From the Director's Office . . . .
The Edna McConnell Clark Foundation
250 Park Avenue, New York, NY 10177-0026
Tel: (212) 986-7050 Fax: (212) 986-4558

Efforts in Onchocerciasis Outside the EMCF Program

by Jeff Mecaskey and Brian Duke

The Foundation's support of research to develop a vaccine against onchocerciasis is complementary to a range of other activities related to controlling disease and blindness resulting from infection by Onchocerca volvulus. The following summaries outline four major initiatives that are complementary to the Foundation's development.

The Onchocerciasis Control Program (OCP) was launched in 1973 by 19 international donors (with an annual budget of $25 million) to control the blinding disease in West Africa and thereby allow farmers and their families to reclaim valuable land. Initially based on control of the black fly vector by spraying insecticides into the rivers and streams with aircraft, this program is now using ivermectin in its control activities. Of 35 million people at risk of infection with O. volvulus in Africa, approximately one third living in 11 countries of West Africa are now, or will be, protected by the OCP. This leaves two-thirds of those at risk unprotected, except by national programs that have begun using ivermectin as treatment. The OCP is now expected to end in 1997. Successful devolution of the program includes the need for the 11 countries to continue the ivermectin treatments in order to maintain control until all adult worms infecting humans have died and, therefore, transmission cannot occur.

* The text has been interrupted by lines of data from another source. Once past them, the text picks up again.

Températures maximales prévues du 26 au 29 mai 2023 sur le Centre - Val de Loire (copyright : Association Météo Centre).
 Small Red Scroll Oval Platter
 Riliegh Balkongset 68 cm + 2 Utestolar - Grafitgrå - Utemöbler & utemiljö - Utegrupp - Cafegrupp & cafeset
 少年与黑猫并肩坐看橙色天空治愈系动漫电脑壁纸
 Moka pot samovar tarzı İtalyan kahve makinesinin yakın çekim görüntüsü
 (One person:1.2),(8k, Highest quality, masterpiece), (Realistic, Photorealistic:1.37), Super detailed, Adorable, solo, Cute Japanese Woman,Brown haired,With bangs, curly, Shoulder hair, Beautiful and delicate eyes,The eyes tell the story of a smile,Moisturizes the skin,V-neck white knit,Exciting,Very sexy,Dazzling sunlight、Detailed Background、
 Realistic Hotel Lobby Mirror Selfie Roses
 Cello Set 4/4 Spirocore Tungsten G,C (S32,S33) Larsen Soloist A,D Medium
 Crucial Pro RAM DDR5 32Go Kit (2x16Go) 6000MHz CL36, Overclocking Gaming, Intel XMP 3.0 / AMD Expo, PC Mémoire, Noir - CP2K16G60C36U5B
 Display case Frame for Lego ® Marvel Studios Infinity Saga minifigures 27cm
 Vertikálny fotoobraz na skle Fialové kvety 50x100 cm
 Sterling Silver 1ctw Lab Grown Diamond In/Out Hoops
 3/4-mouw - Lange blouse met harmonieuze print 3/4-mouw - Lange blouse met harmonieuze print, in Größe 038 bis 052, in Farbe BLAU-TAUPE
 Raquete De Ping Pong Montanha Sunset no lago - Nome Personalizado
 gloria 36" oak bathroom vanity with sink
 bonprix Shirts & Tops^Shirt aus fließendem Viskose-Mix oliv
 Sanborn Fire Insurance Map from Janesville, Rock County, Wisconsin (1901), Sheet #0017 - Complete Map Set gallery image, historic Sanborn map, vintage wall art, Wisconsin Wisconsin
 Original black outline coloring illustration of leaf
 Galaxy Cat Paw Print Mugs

The Mectizan (ivermectin) distribution program began in 1987 when Merck & Company agreed to donate the drug free-of-charge to countries instituting oncho control programs. Managed by the Carter Center in Atlanta, the Mectizan Expert Committee reviews proposals and approves dispensing of the drug for national control efforts. It should be noted that although drug resistance occurs more slowly in helminths because their replication periods are much longer than those of bacteria, it can occur. The emergence of drug resistance to malaria points to the value of continued basic research on parasitic biology. Additionally, ivermectin may have to be administered annually for 7 to 15 years (the life span of the adult worm); so far, while seven million people will have received one treatment by the end of 1992, only four million are likely to be under continuous treatment programs.

The MACROFIL project is an effort to discover and develop a drug that will kill the adult onchocerca worms; it is jointly sponsored by the OCP and the UNDP/WB/WHO Special Programme for Training in Tropical Disease Research in Geneva. The OCP has recognized that, while ivermectin can relieve symptoms and halt blinding sequelae, control would be more efficient if a macrofilaricidal drug will be used. One drug, amocarzine (CibaGeigy Company), has received human trials. Given over three days, it kills adult worms, but side effects suggest that it will be difficult to use. Several other compounds are being tested in animals.

The River Blindness Foundation (RBF) was established in March, 1990 as a Private Voluntary Organization based in Texas, U.S.A. Founded and funded by John and Becky Moores, its object is to distribute Mectizan to persons in the Third World who are suffering from onchocerciasis and/or at risk of River Blindness.

The RBF has its own distribution projects in North Cameroon, in five states in Nigeria, and in Uganda. It is also funding distribution projects which are being executed by other non-governmental organizations such as Africare, Christoffel Blinden Mission and the International Eye Foundation, or by others in South Cameroon, Central African Republic, Chad, Congo, Ecuador, Guatemala, Malawi, Nigeria, Sudan and Tanzania.

The Chairman of the RBF is John J. Moores; William R. Baldwin is the President; and its headquarters are at: One Sugar Creek Place, 14141 South-West Freeway, Sugarland, Texas, 77478, U.S.A.